#### MATERIAL PROVIDED
***
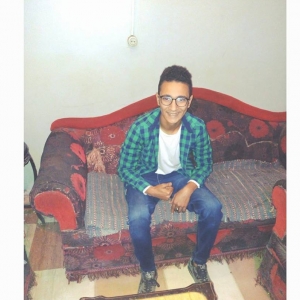 Mohammed Abdrabo-Freelancer in Damietta,Egypt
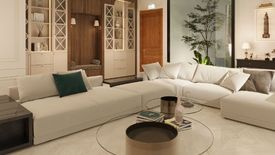 4 Bedroom Villa for sale in Orienna Azure Villas, Sakhu, Phuket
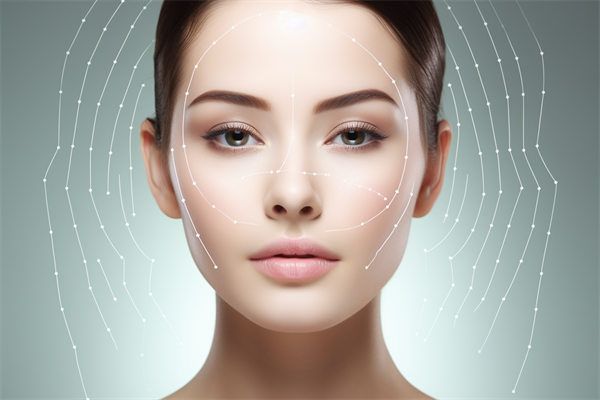 北京禾美嘉脂肪填充效果好嗎？真實案例告訴你答案！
***
#### WHAT YOU SHOULD DO
Leaving out the pictures, reproduce the whole listing above exactly.

#### OUTPUT
 Mohammed Abdrabo-Freelancer in Damietta,Egypt
 4 Bedroom Villa for sale in Orienna Azure Villas, Sakhu, Phuket
 北京禾美嘉脂肪填充效果好嗎？真實案例告訴你答案！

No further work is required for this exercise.